Looking for Confluent Platform Cluster Linking docs? This page describes Cluster Linking on Confluent Cloud. If you are looking for the Confluent Platform documentation, check out Cluster Linking on Confluent Platform.

Important

This feature is available as a preview feature. A preview feature is a component of Confluent Cloud that is being introduced to gain early feedback from developers. These features can be used for evaluation and non-production testing purposes or to provide feedback to Confluent. Comments, questions, and suggestions related to preview features are encouraged and can be submitted to clusterlinking@confluent.io.

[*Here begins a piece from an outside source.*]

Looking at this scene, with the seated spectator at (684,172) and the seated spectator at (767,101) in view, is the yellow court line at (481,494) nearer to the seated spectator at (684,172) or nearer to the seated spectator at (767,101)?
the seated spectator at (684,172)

To explore this use case, you will use Cluster Linking to fail over a topic and a simple command-line consumer and producer from an original cluster to a Disaster Recovery (“DR”) cluster.

Prerequisites

  • Make sure you have followed the steps under Commands and Prerequisites in the overview.
  • Your DR cluster must be a Dedicated cluster with Public internet endpoints.
  • Your Original cluster can be a Basic, Standard, or Dedicated cluster with Public internet endpoints. If you do not have these clusters already, you can create them in the Confluent Cloud UI or in the Confluent Cloud CLI.

Tip

You can use failover between an eligible Confluent Platform cluster and an eligible Confluent Cloud cluster. You will need to use the Confluent Cloud CLI for the Confluent Cloud cluster, and the Confluent CLI for the Confluent Platform cluster.

What the Tutorial Covers

This tutorial demos use of the Confluent Cloud CLI Cluster Linking commands to create a DR cluster and failover to it.

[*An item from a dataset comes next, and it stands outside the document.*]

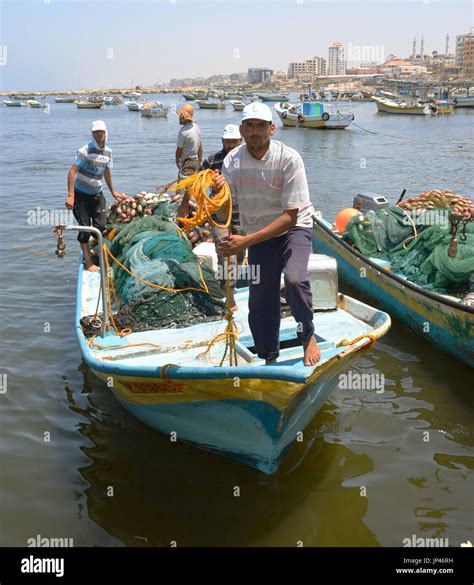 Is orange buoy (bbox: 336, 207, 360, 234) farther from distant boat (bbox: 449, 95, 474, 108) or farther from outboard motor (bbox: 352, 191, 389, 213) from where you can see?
distant boat (bbox: 449, 95, 474, 108)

A REST API for Cluster Linking commands may be available in future releases.

You will start by building a cluster link to your DR cluster and mirroring all pertinent topics, ACLs, and consumer group offsets. This is your “steady state” setup.

../../_images/cluster-link-steady-state.png

Then you will incur a sample outage on the original cluster. When this happens, the producers, consumers, and cluster link will not be able to interact with the original cluster.

../../_images/cluster-link-outage.png

You will then call a failover command that converts the mirror topics on the DR cluster into regular topics.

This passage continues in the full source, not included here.